Scaling
Production-ready agent deployment and scaling strategies
Agentic applications demand near-instant agent availability to maintain user engagement and responsiveness. Pipecat Cloud manages the complexity of scaling these agent deployments in production environments, providing granular controls for compute resources and cost optimization.
Core concepts
Instances
An instance represents a single unit of compute that runs your agent.
Instance costs are determined by:
- Active session runtime duration
- Warm instance maintenance time
- The compute profile specified in your deployment
Pipecat Cloud automatically provisions and manages instances to handle active sessions, ensuring that your deployment can scale to meet demand within the limits of your deployment configuration.
Instance pool
Making a deployment to Pipecat Cloud creates a managed pool of instances that:
- Routes requests to available instances
- Scales based on demand within configured limits
- Maintains optimal performance through auto-scaling
Developers can configure the upper and lower limit of a deployment’s instance pool, providing a cost-effective way to handle varying loads.
Minimum instances
min-instances
- Maintains specified number of warm instances to serve incoming requests
- Immediately ready to become active, reducing cold starts
- Defaults to
0
if unspecified
Minimum number of instances maintained in a pool at all times.
Developers specify a min-instances
configuration to determines the number of instances that should be kept warm in their deployment pool. A warm instance is kept running and can immediately be used to serve an active session.
Maintaining a minimum number of instances is important to keep agent start times fast and reduce cold starts.
Maximum instances
max-instances
- Sets hard limit on concurrent sessions
- Acts as a cost control / load mechanism
- Returns HTTP 429 when pool capacity is reached
Maximum instances is the hard limit on the number of instances in your pool.
During beta, each deployment made to Pipecat Cloud has a maximum allowed pool size of 10. Please contact us at help@daily.co or via Discord if you require more capacity.
Deployments can optionally be made with a max-instances
configuration that limits the number of instances that your pool can contain.
This exists as a cost control measure, allowing developers to limit the total number of active sessions that can be run at any one time.
The maximum instance count is a hard limit, meaning requests made to a pool that is at capacity will receive a 429
response. See starting sessions for more information for how to handle this in your application code.
Agent lifecycle
Pool Initialization
- Provisions the minimum number of warm instances based on
min-instances
configuration (defaults to0
) - Listens for session requests to route to available instances
Session Assignment
- ✅ If a warm instance is available, the session will be assigned to that instance
- ⏳ If no warm instances are available, and your pool is not at capacity, a new instance will be provisioned to handle the request (e.g a cold-start)

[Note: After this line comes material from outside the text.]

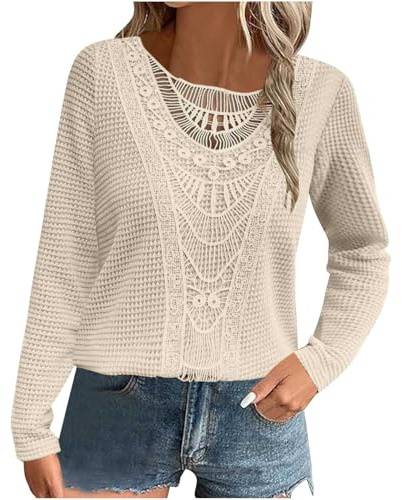 GMQWRK Maglione da donna UK elegante motivo traforato girocollo pullover top con bordo in pizzo moda casual camicie a maglia a maniche lunghe maglione lavorato a maglia per uscire camicetta maglieria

- ❌ If your pool is at capacity, your application will receive a
429
response from the start request
Auto-scaling
- The Pipecat Cloud auto-scaler determines if additional warm instances should be created to support further requests.
- Once a session concludes, instances are either returned to the pool to serve another session or discarded
Your are billed for warm instances, even if they are not handling active sessions. Developers should consider their deployment strategy when cost optimizing, adjusting the minimum and maximum instance count accordingly. See current pricing for details.
Cold-starts
A cold start may occur when an active session request is made and no warm instances are available in the pool to handle it. In this case, Pipecat Cloud will provision a new instance to handle the request.

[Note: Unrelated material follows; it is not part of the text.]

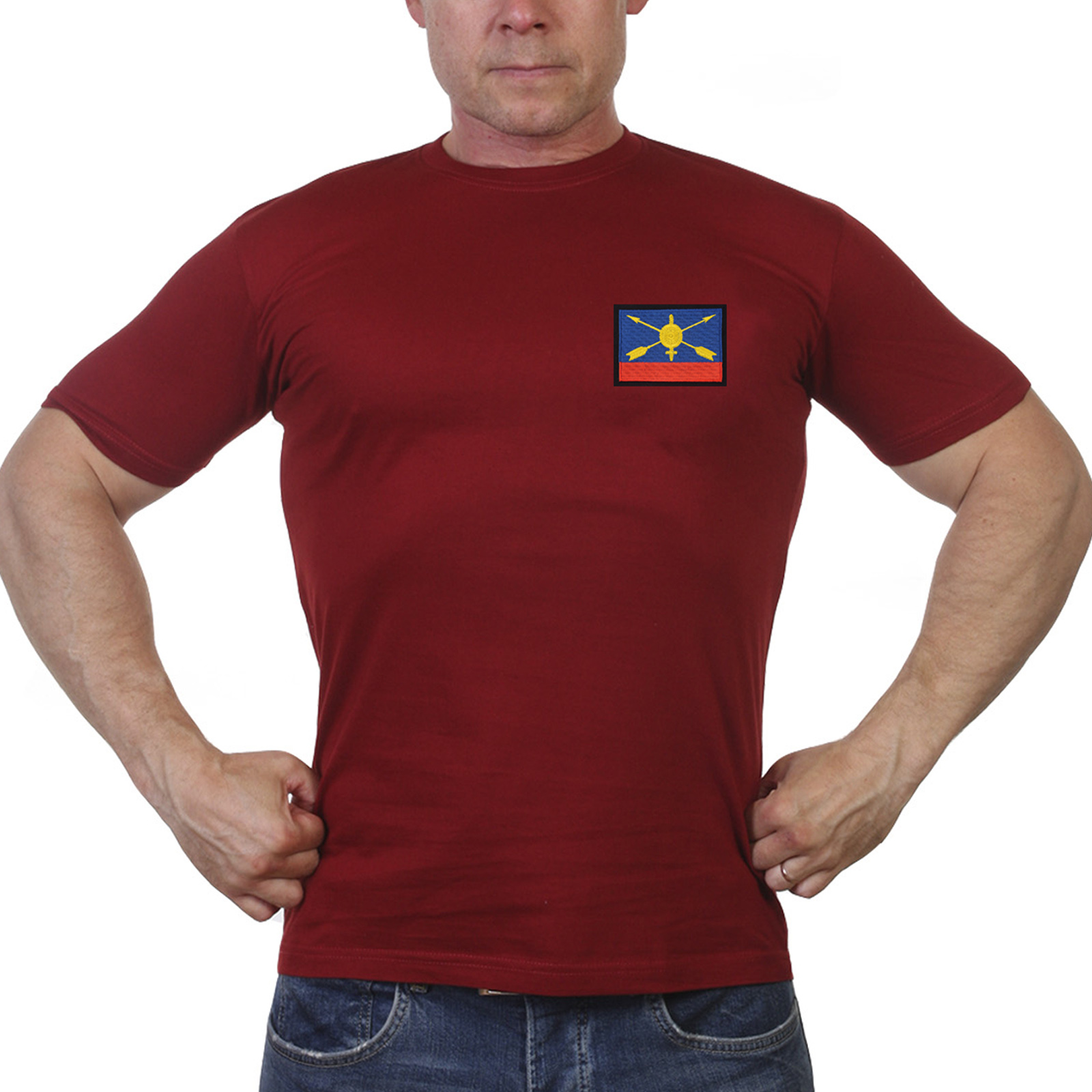Краповая футболка с шевроном РВСН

Cold starts require additional time to provision the instance and load the agent, which may result in a delay for the user. To minimize cold starts, you can configure your pool to maintain a minimum number of warm instances at all times.
Pipecat Cloud aims to mitigate cold starts as much as possible through auto-scaling.
Scale-to-zero
For some deployments, using a minimum instance count of 0 is preferable (e.g. while in development.) Since you are only charged for warm instances and active sessions, this can be a cost-effective way to manage deployments where fast start times are not required.
When the minimum instance count is set to 0, the pool will scale down to 0 instances when there are no active sessions. Idle instances are maintained for 5 minutes before being terminated. This timeout is not currently configurable but will be in the future.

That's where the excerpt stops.